RECORDS PROVIDED ▸
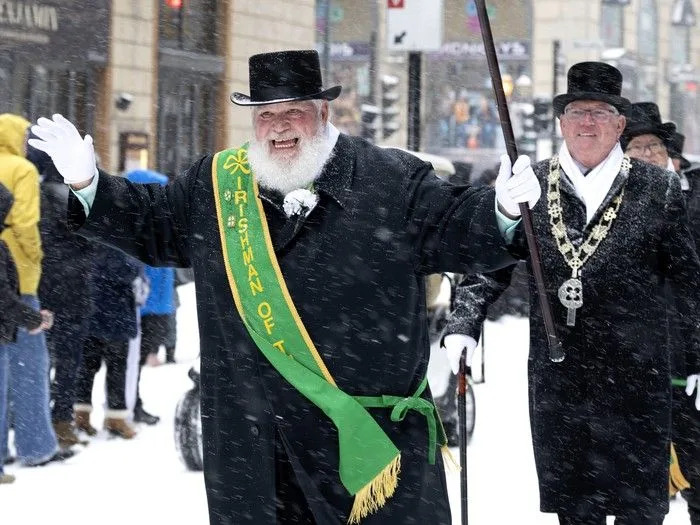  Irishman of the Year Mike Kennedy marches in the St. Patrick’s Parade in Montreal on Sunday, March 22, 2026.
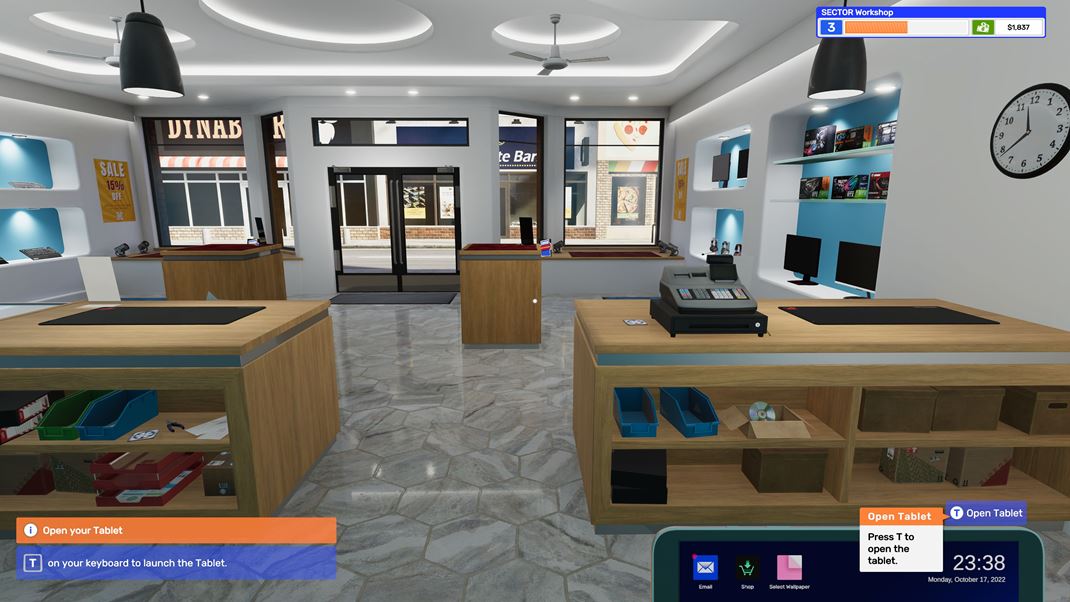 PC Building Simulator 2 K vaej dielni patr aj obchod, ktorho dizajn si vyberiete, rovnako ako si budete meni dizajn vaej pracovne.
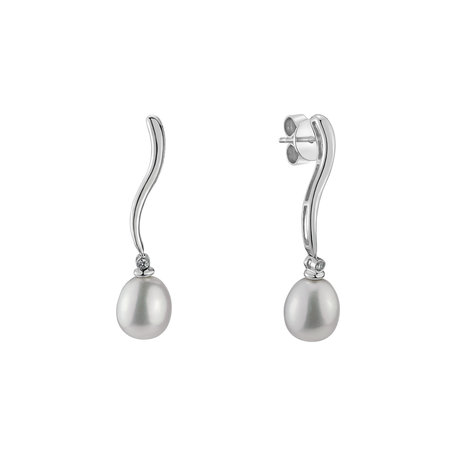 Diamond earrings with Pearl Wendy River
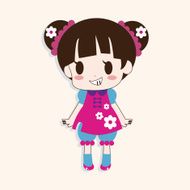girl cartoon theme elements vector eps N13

---

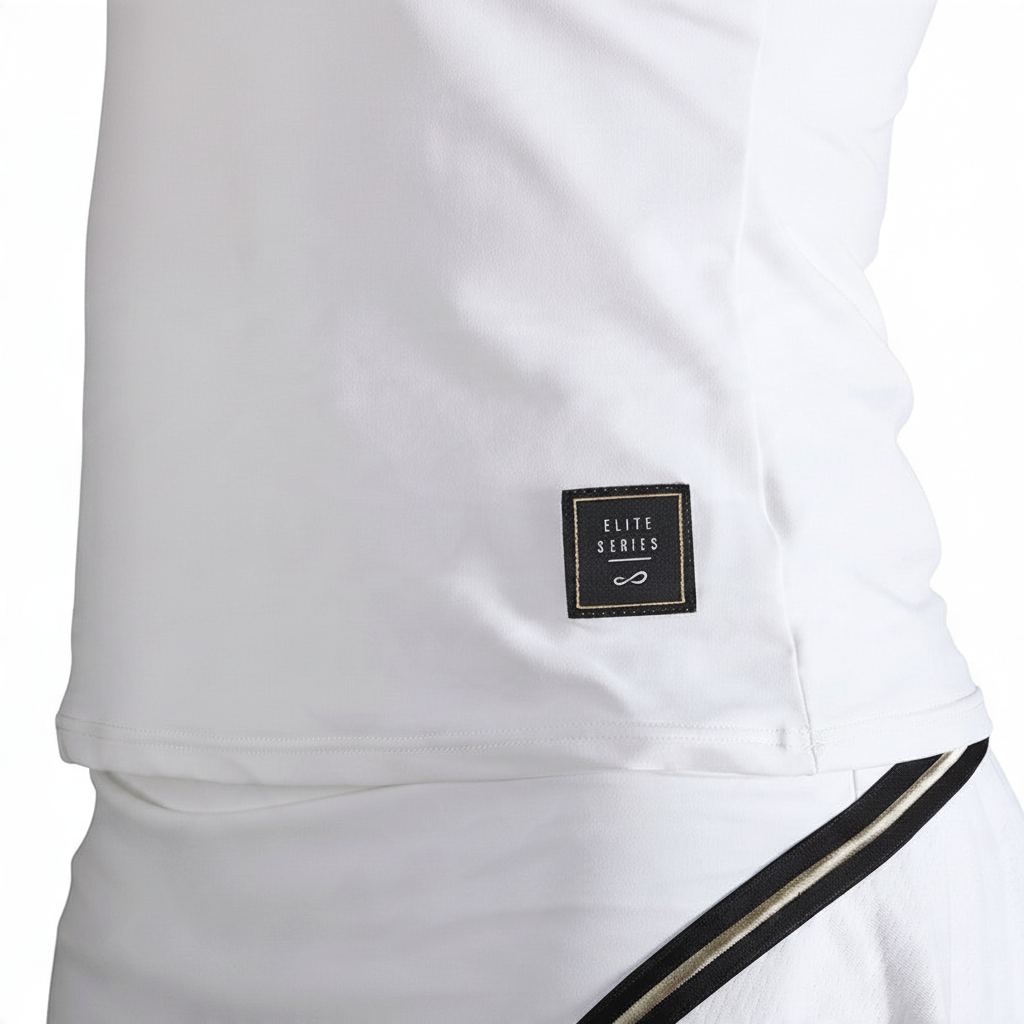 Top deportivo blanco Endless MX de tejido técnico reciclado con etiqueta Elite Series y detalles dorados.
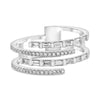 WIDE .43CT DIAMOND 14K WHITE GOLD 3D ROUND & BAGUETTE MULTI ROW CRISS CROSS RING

TASK STATEMENT ▸ Using the entries above, write out exactly the lines from the one with "Diamond earrings with Pearl Wendy River" through the one with "girl cartoon theme elements vector eps N13", ends included. Leave out any pictures.

RESULT OF THIS EXERCISE ▸
 Diamond earrings with Pearl Wendy River
girl cartoon theme elements vector eps N13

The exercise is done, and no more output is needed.